Some iterations are smarter than others. A camera can connect to a Wi-Fi access point and send data directly to the cloud. A door sensor is simpler. Both technologies need to connect to intermediary physical devices on the network where they then process the data and send it on.
Known as IoT gateways, they play an important role in IoT deployments to collect and aggregate sensor data from various devices. An IoT gateway device bridges the communication gap between IoT devices, sensors, equipment, systems and the cloud. By systematically connecting the field and the cloud, IoT gateway devices offer local processing and storage solutions, as well as the ability to autonomously control field devices based on data input by sensors.

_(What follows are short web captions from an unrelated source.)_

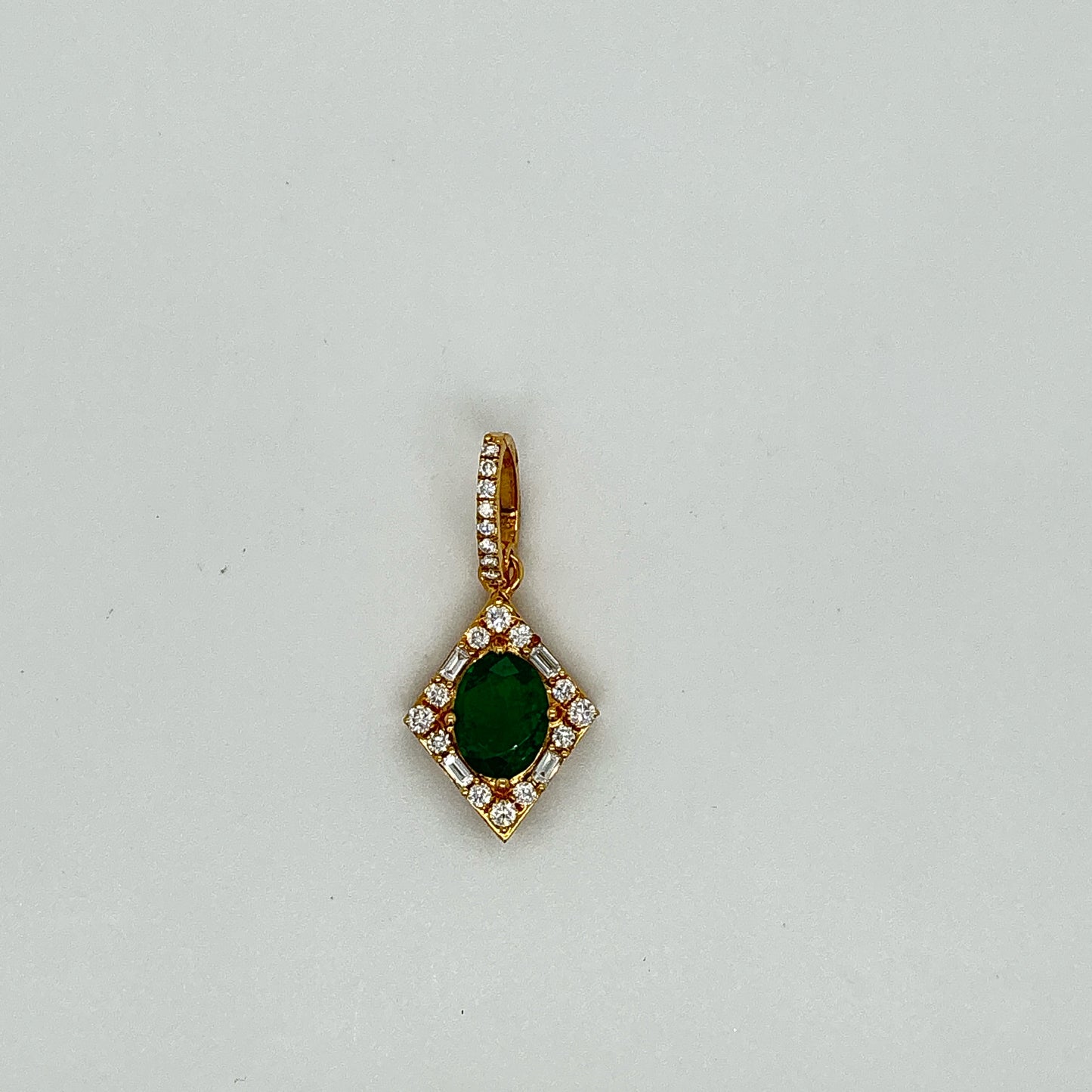 18KYG .96CT OV EM & .36CT DIA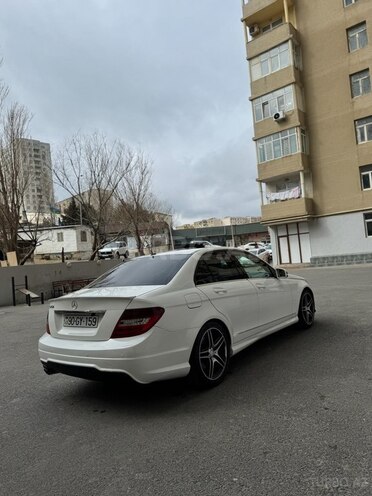 Mercedes C 250 2013, 231,000 km - 1.8 l - Bakı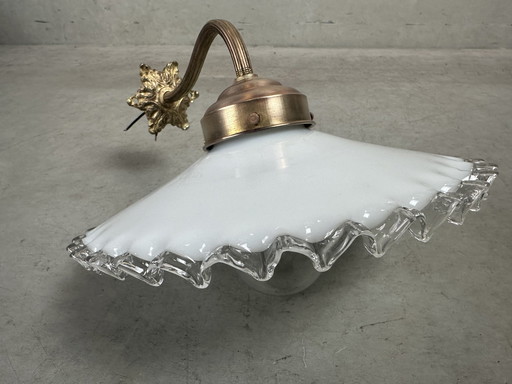 Antieke Wandlamp - Opaline Kraaglamp Met Brass Houder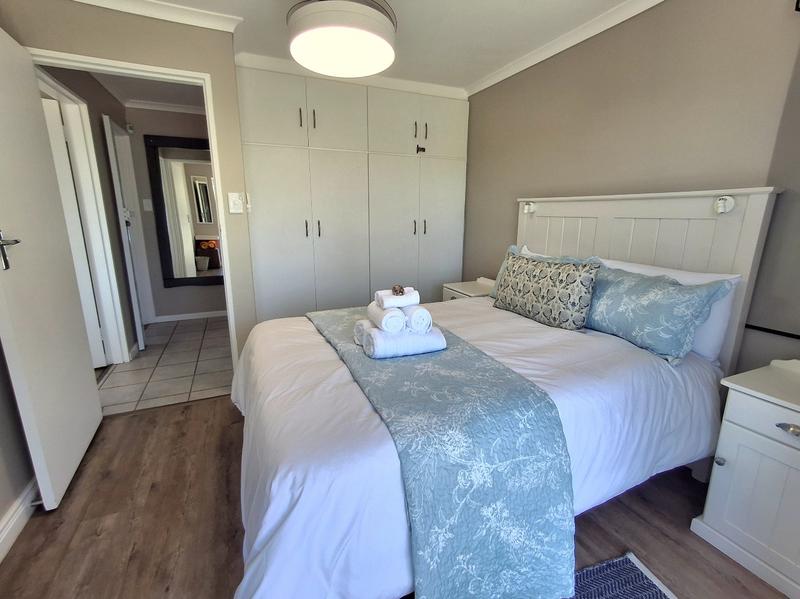 4 Bedroom Property for Sale in Britannia Bay Western Cape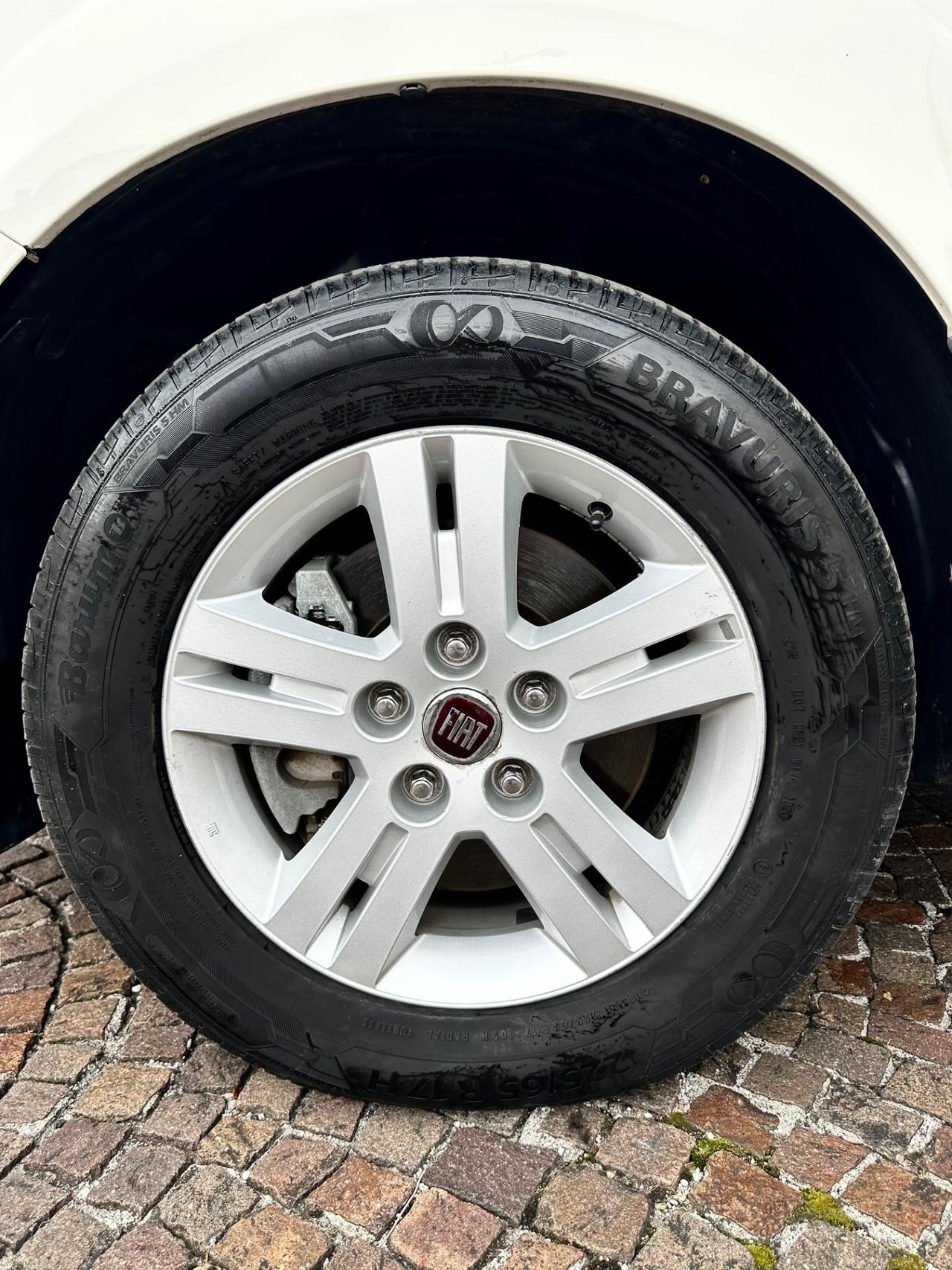 Fiat Freemont 2.0Multijet 170Cv -7 POSTI - Tetto panoramico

From there, they translate between sensor protocols and process data from these sensors and devices before sending it onward to be processed. With simpler devices and sensors, they’ll often connect to the IoT Gateway using short-range wireless transmission modes such as Bluetooth LE, Zigbee, Z-wave or long-range like LTE, LTE-M and even Wi-Fi.
Once connected, the IoT gateway provides a few key functions including the following:
- Bridging communications and facilitating machine-to-machine (or M2M) communications.
- Offline support services so WAN connectivity is not always required.
- Data ingestion, cleaning, filtering, positioning and even early analytics prior to being sent to a cloud or remote data center.
- Additional security as the IoT gateway acts as a buffer between a WAN and devices.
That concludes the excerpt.